Please no more… Steven Tyler & Bon Jovi in the owners box
Oh my god. I get it. Steven Tyler is from Massachusetts. Belichick likes Bon Jovi. Patriots fans are clubbed over the head with these facts one broadcast after another where we’re constantly shown two of the most all time stagnant presences in music taking up space in the Gillette owners box.
Well here’s another observation… Aerosmith sucks. They’ve sucked for 4 decades now. Go ahead and look it up. Dream On was the last worthwhile song they wrote and it was on their debut album in 1973. That makes it 40 years to 2013 without writing another listenable album. No, I absolutely do not consider any of their attention begging 90’s soundtrack hits to be any good. They suck. Dude Looks Like A Lady, Rag Doll, Walk this Way. These are novelty songs. They’re on par with the Monster Mash and Allan Sherman’s Hello Muddah, Hello Fadduh. This is supposed to solidify their rock n roll legacy?
Forcing Steven Tyler on us as the resident celebrity just because he lives in Mansfield is just as patronizing as rolling out Dropkick Murphys and the Mighty Mighty Bosstones every time the Red Sox need first a pitch thrown out. Even the most entrenched pink hat Boondock Saints worshiping Sullys and Murphs break down once in a while and think “Jesus, Dropkick Murphy’s again? Tessie was like 9 years ago.” Watching Steven Tyler sit in a luxury box seat is as infuriating to Patriots fans as every time you’ve ever seen someone on TV slouched over in their seat napping during the World Series.
And holy shit… that song Tyler pulled out of his ass about the Pats for those Dunkin Donuts commercials was worse than Prince’s Purple & Gold and that song Faith Hill did about how great Vince Young is during their short lived undefeated stretch.
A little background on Legendary Child – Patriots Anthem
If you’ve actually listened to the song and wondered why the lyrics seem seriously forced and slapped together that’s because they are. The song was originally the lead single on Aerosmith’s new album. You didn’t know that because you don’t listen to new Aerosmith because no one listens to new Aerosmith. They song was originally titled Legendary Child. Pepsi then dreamt up an idea for an album featuring famous artists doing anthems for NFL teams (yeah that ought to fly off the shelves). So they wrote Steven Tyler a check and (I’m assuming) 15 minutes later he had swapped out the lyrics for a bunch of gibberish and buzz words about the Patriots and boom… Legendary Child – Patriots Anthem, a song that previously had absolutely nothing to do with the Patriots, was born. Paste in this corny Photoshopped promo pic of Jerod Mayo posing with the 600 year old Aerosmith and it’s off to sit on a shelf at Newbury Comics for about 9 years.
You could not pay me enough money to believe that Jerod Mayo listens to Aerosmith. No one listens to Aerosmith. They suck.

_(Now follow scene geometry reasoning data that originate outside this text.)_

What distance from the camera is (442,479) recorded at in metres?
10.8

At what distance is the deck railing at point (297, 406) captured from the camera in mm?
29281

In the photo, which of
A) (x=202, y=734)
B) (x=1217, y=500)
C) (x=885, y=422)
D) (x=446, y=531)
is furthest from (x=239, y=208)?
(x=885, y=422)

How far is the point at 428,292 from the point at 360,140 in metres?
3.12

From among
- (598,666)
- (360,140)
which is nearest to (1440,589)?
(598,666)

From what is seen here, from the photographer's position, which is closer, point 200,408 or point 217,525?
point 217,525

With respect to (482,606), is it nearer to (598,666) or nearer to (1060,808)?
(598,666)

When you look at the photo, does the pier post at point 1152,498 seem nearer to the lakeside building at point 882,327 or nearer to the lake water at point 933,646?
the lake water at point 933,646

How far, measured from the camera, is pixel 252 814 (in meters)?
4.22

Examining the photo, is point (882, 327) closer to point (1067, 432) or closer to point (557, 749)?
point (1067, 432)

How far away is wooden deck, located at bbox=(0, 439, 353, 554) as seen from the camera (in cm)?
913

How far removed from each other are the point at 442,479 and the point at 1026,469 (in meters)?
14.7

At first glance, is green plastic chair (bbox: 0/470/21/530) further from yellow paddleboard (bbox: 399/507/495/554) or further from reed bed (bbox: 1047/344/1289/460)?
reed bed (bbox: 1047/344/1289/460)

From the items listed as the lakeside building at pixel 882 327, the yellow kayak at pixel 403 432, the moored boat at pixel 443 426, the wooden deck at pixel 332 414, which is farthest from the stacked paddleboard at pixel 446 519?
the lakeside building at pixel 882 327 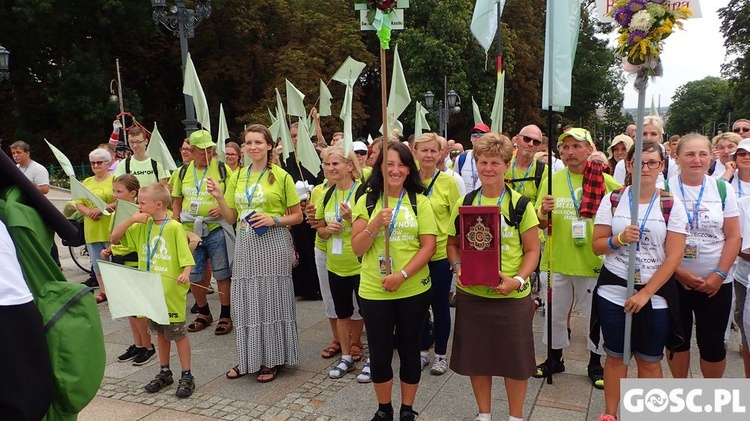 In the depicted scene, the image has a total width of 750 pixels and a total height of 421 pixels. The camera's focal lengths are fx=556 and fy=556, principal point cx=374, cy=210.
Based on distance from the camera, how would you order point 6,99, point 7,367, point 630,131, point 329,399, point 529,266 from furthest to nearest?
point 6,99
point 630,131
point 329,399
point 529,266
point 7,367

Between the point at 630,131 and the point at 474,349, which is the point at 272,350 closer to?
the point at 474,349

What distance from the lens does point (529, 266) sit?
11.1 ft

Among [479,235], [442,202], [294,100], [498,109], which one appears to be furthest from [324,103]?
[479,235]

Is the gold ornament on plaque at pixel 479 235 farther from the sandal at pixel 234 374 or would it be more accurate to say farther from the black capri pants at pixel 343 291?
the sandal at pixel 234 374

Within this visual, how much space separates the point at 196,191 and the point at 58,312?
4256 millimetres

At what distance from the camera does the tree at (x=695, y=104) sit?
97.2 m

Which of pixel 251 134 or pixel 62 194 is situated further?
pixel 62 194

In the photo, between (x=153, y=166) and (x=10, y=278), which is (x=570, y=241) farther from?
(x=153, y=166)

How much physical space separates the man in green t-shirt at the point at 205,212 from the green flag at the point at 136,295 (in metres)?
2.53

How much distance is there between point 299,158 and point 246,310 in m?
1.99

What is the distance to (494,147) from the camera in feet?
11.2

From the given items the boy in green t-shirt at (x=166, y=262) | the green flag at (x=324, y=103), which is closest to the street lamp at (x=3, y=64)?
the green flag at (x=324, y=103)

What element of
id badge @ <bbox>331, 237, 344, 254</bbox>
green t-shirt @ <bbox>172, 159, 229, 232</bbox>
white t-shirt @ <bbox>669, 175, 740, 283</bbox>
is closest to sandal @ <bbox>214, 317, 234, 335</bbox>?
green t-shirt @ <bbox>172, 159, 229, 232</bbox>

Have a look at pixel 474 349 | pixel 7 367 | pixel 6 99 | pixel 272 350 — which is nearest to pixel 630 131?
pixel 474 349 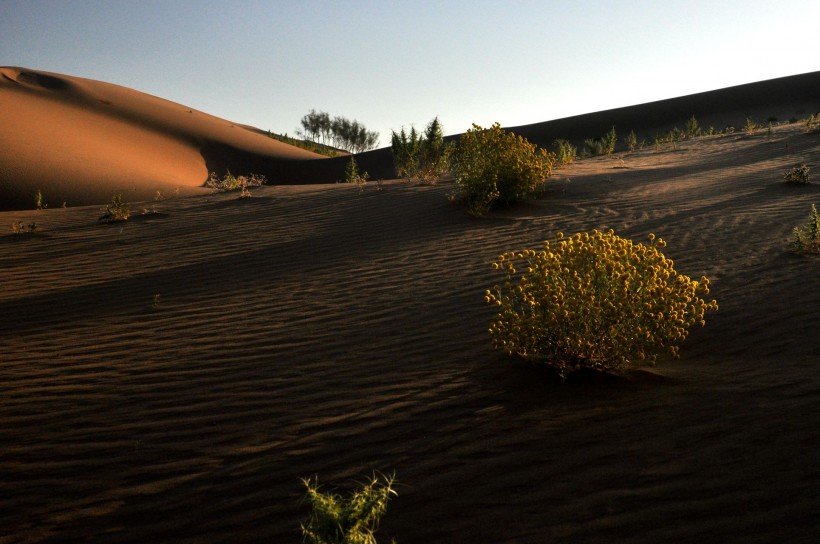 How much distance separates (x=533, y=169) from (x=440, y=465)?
8.34 meters

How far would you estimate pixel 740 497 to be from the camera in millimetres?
2875

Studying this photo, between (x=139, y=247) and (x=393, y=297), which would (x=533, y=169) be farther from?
(x=139, y=247)

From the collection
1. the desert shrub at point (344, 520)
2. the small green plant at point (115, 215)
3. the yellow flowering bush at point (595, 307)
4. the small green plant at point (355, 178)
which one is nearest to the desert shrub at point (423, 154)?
the small green plant at point (355, 178)

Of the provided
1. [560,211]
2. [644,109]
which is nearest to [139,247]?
[560,211]

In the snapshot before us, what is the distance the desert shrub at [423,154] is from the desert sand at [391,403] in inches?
234

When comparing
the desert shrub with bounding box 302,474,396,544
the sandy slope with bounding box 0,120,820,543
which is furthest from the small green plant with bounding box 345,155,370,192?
the desert shrub with bounding box 302,474,396,544

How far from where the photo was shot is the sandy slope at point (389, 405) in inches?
117

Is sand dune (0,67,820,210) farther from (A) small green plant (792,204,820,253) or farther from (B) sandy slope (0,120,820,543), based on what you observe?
(A) small green plant (792,204,820,253)

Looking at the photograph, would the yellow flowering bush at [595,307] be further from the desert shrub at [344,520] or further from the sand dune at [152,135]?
the sand dune at [152,135]

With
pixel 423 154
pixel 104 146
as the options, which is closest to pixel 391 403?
pixel 423 154

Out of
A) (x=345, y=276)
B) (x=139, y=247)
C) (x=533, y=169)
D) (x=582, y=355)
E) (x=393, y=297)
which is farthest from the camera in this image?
(x=533, y=169)

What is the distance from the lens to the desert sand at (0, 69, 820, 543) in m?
2.97

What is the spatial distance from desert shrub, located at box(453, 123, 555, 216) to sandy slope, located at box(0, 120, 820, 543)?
7.22ft

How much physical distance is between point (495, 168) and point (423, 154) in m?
5.44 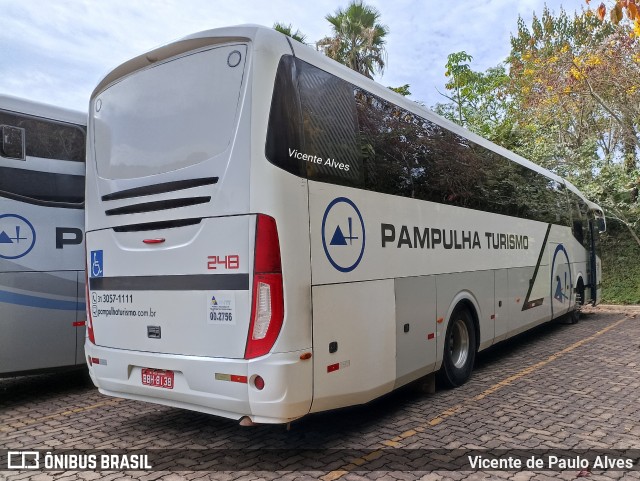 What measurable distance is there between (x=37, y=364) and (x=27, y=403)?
0.59 metres

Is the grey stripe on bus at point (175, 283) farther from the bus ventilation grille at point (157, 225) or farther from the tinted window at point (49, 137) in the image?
the tinted window at point (49, 137)

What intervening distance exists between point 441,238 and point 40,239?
5.11 meters

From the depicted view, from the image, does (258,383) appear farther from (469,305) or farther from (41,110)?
(41,110)

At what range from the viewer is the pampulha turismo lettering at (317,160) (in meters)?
4.12

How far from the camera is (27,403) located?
21.7ft

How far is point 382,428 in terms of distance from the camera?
16.8ft

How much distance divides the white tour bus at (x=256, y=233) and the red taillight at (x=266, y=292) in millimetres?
11

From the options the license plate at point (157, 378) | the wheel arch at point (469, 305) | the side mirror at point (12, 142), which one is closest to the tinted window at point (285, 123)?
the license plate at point (157, 378)

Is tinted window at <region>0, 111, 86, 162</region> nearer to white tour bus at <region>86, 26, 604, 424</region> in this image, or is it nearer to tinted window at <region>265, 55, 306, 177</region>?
white tour bus at <region>86, 26, 604, 424</region>

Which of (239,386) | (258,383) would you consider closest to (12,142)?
(239,386)

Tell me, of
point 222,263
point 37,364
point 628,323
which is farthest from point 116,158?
point 628,323

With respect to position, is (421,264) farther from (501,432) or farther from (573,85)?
(573,85)

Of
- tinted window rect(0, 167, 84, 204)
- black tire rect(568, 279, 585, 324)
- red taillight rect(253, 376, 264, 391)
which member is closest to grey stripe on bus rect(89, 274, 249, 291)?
red taillight rect(253, 376, 264, 391)

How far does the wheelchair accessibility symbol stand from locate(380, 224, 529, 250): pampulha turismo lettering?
2805 millimetres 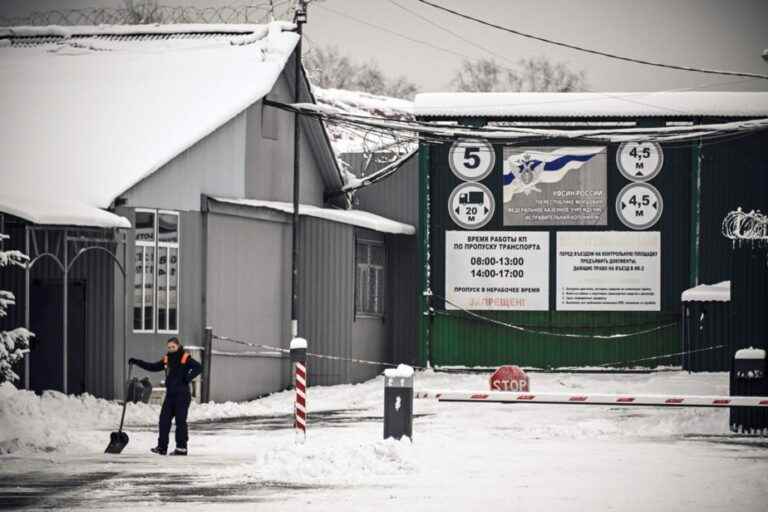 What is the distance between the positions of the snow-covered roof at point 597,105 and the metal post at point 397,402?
16270 millimetres

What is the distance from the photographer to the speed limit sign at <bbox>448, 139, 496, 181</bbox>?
34.9 m

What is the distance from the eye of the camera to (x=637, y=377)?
34.0 meters

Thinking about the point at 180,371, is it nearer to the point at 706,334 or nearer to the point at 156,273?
the point at 156,273

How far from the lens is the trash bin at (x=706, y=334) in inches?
1323

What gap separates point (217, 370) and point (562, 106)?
10771mm

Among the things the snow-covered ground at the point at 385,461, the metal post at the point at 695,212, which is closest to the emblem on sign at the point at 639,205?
the metal post at the point at 695,212

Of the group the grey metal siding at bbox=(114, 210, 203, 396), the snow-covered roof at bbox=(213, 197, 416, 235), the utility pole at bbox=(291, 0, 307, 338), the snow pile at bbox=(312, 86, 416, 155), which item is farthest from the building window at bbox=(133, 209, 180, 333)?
the snow pile at bbox=(312, 86, 416, 155)

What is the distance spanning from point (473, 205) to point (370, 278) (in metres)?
2.94

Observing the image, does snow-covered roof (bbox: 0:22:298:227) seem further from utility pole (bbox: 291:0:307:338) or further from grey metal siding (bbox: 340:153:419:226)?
grey metal siding (bbox: 340:153:419:226)

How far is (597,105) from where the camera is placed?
34.9 metres

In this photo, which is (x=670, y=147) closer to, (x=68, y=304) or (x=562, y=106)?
(x=562, y=106)

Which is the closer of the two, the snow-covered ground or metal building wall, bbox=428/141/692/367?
the snow-covered ground

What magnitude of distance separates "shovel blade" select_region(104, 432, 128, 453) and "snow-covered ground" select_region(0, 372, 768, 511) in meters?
0.12

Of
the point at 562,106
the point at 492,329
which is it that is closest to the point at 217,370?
the point at 492,329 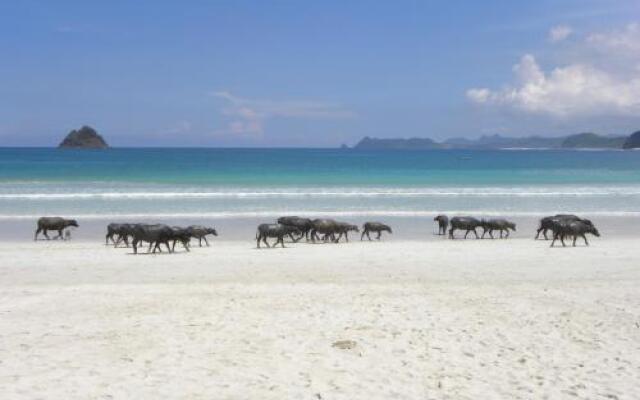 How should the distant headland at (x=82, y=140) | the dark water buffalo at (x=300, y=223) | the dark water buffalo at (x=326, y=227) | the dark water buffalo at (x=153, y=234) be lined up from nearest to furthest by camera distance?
the dark water buffalo at (x=153, y=234)
the dark water buffalo at (x=326, y=227)
the dark water buffalo at (x=300, y=223)
the distant headland at (x=82, y=140)

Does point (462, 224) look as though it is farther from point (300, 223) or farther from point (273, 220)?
point (273, 220)

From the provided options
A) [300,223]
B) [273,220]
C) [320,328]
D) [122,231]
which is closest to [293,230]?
[300,223]

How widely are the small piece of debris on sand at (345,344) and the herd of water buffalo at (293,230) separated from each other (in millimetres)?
10767

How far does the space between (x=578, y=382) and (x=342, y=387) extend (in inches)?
112

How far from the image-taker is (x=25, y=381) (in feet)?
25.9

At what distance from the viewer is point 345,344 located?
371 inches

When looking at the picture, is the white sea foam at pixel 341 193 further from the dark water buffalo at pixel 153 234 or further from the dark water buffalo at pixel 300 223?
the dark water buffalo at pixel 153 234

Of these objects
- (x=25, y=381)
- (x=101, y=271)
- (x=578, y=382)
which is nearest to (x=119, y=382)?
(x=25, y=381)

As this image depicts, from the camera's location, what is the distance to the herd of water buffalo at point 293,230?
63.5 feet

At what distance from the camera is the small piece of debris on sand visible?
367 inches

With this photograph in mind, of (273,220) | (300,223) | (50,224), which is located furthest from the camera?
(273,220)

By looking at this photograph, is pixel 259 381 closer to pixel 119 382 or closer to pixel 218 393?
pixel 218 393

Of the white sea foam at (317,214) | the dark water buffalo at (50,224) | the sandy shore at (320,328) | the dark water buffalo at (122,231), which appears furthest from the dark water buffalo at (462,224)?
the dark water buffalo at (50,224)

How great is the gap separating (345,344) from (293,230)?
44.4ft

And Bon Jovi is a Giants fan for christ’s sake. Yeah, I know Belichick likes maybe 3 things in the entire world and one of them is (somehow) Bon Jovi. He’s a Giants fan and he sucks. Wanted Dead or Alive was his last actual contribution to music and the whole point of that song was to be an ironic karaoke selection for the rest of eternity. Why is he even still a celebrity?
In the interest of saying something positive. Bon Jovi doesn’t get half the rant that Steven Tyler does. Why?
- He’s not a patronizing local celebrity.
- His music sucks but he doesn’t seem like a total dick, and doesn’t look lost at a football game like Tyler.
- He actually owns an arena league team in Philadelphia so I’d like to think he actually has an interest in football.
- His sole contribution to music was 27 years ago (1986) instead of Aerosmith’s 40.
- I still really liked that time Belichick and Charlie Weiss sung backups on Wanted Dead or Alive.
Whatever keeps Belichick happy is fine by me I guess. But if it were really up to me I’d say show some solidarity with your fan base and hit him with an egg if he comes on stadium property ever again.
One of the coolest parts of the Gillette experience is the medley of AC/DC songs that get played pre-game and in between downs. You want a rock star in your booth so bad get Angus Young in there. Be represented by a guy in a band who even after their singer died and they all hit middle age still didn’t lower themselves to writing the goofball bullshit that Aerosmith wrote. The AC/DC discography gorilla presses Aerosmith’s entire catalog and has enough left over to DDT every Bon Jovi hit ever. I cannot and will not be contradicted on this.
Let him get tanked with Bob Kraft and let wonder why all these rugby players are wearing helmets. I want to see CBS cut to an annoyed Drew Bledsoe in the owners box with Young shredding an air guitar solo using a jumbo shrimp as a pick 3 inches from his face. Kraft would spend an absolute fortune flying him in from Australia 8 times a year. But so what? At least the franchise would be pandering to a musician whose actually done something for the team.